Notas e Referências:

[1] Nesse ponto, destacam-se somente dois dentre vários argumentos: (a) sem ingressar no debate dos internacionalistas sobre o monismo, ressalta-se que a PEC não passaria em um controle sério de convencionalidade – vide a “Convenção das Nações Unidas sobre direitos da criança”, incorporada ao ordenamento jurídico do Brasil pelo Decreto 99.710/1990 –, e constitucionalidade – partindo da tese de que o artigo 228 da Constituição seria uma cláusula pétrea ou de que a redução da idade de maioridade penal seria um vedado retrocesso social em termos de garantia de desenvolvimento da personalidade do adolescente enquanto ser em peculiar situação de desenvolvimento; (b) os menores infratores não permanecem impunes, pois respondem pelo sistema de apuração de atos infracionais perante o Poder Judiciário e, em casos extremados, podem até mesmo perder sua liberdade.

[2] Ressaltam-se aqui dois argumentos: (I) O índice de reincidência é muito menor entre os adolescentes egressos do sistema socioeducativo em relação aos egressos do sistema penitenciário dos adultos.  Essa conclusão é retirada de pesquisa apresentada na revista “The Economist” (abr. 2015), indicando que adolescentes punidos como adultos tem quase 35% a mais de chance de reincidir. Lógico que mais dados comparativos devem surgir na realidade brasileira, mas é possível localizar índices de reincidência em torno de 70% entre os egressos do superlotado sistema carcerário e, por outro lado, de 13 % entre os adolescentes egressos do sistema socioeducativo – vide o caso da Fundação de Atendimento Socioeducativo (CASE), em Pernambuco. Aliás, a revista Veja (27/5/2015) realizou pesquisa buscando comprovar que “os bandidos no Brasil saem da cadeia muito mais perigosos do que quando entraram” (p. 62-69). Ou seja, sem qualquer ironia ou jogo de palavras, a PEC n. 171/1993 é um potencial “estelionato social”, representando “um tiro no pé” da sociedade que somente verá o agravamento do problema da reincidência criminal, caso aprovada seja; (II) Conforme dados do Ministério da Justiça/Departamento Penitenciário Nacional – DEPEN e da Secretaria Especial de Direitos Humanos da Presidência da República, os crimes praticados por adolescentes e sua gravidade são muito menores em relação aos efetivados por pessoas adultas.

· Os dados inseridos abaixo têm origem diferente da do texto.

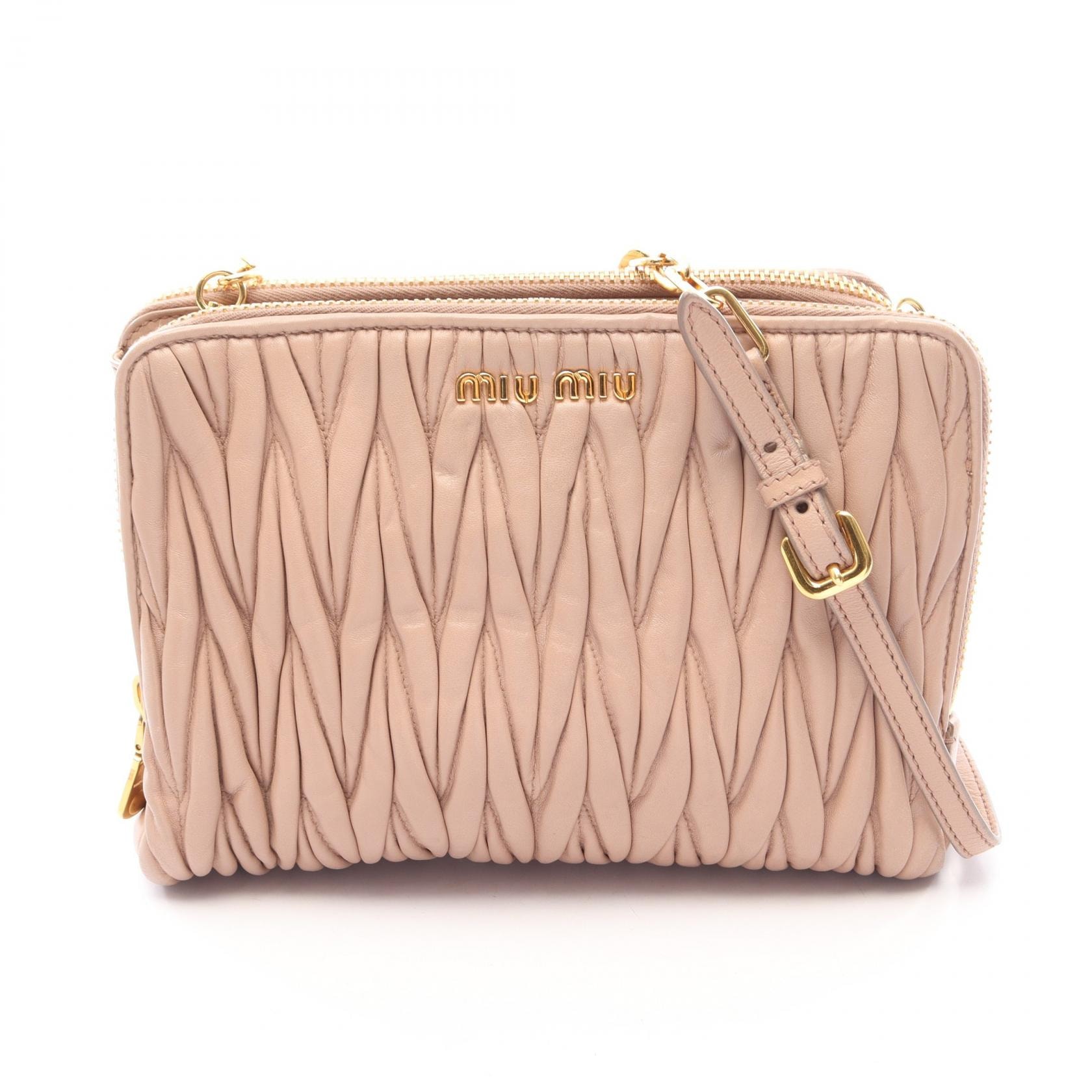 ミュウ ミュウ Miu Miu マテラッセ ショルダーバッグ バッグ レザー レディース ピンク系 【中古】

[3] Segundo notas técnicas da ANADEP e CONAMP, assumiram posição pública contra a redução da maioridade penal: (1) A Sociedade Brasileira de Pediatria (SBP); (2) o Conselho Federal de Psicologia (CFP); (3) o Conselho Federal de Serviço Social (CFESS); (4) a Ordem dos Advogados do Brasil (OAB); (5) o Fundo das Nações Unidas para Infância (UNICEF); (6) Fundação ABRINQ – save the children; (7) a Comissão Especializada de Promoção e Defesa dos Direitos da Criança e do Adolescente do Colégio Nacional de Defensores Públicos Gerais (CONDEGE); (8) o Conselho Nacional de Procuradores-Gerais do Ministério Público dos Estados e da União (CNPG); (9) o Fórum dos direitos da criança e do adolescente (FDCA); (10) o Conselho Nacional dos Direitos da Criança e do Adolescente (CONANDA); (11) o Fórum Nacional dos Direitos da Criança e do Adolescente (FNDCA); (11) a Rede brasileira de centros e institutos da juventude; (12) a Associação Nacional dos centros de defesa da criança e do adolescente (ANCED); (13) a Rede de Defesa do Adolescente em conflito com a Lei (RENADE); (14) a Rede ecumênica da juventude (REJU); (15)  o Conselho Nacional de Assistência Social (CNAS); (16) a Pastoral do Menor do Brasil; (17) a Associação dos Juízes do Rio Grande do Sul (AJURIS); (18) o Instituto Carioca de Criminologia; (19) o Conselho Nacional de Juventude (CONJUVE); (20) a Associação Brasileira de Magistrados, Promotores de Justiça e Defensores Públicos da Infância e Juventude (ABMP); (21) a Associação Juízes para a Democracia (AJD); (22) a Associação Nacional dos Defensores Públicos (ANADEP); (23) Associação Nacional dos Membros do Ministério Público (CONAMP); (24) o Movimento do Ministério Público Democrático (MPD); (25) a Comissão Interamericana de Direitos Humanos (CIDH); (26) o Instituto Brasileiro de Ciências Criminais (IBCCRIM); (27) a Procuradoria Federal dos Direitos do Cidadão do Ministério Público Federal (PFDC/MPF); (28) a Rede Evangélica Nacional de Ação Social (RENAS); (29) a Presidência da República; (30) a Associação dos Magistrados Brasileiros (AMB); (31) a Associação Brasileira dos Magistrados da Infância e da Juventude (ABRAMINJ).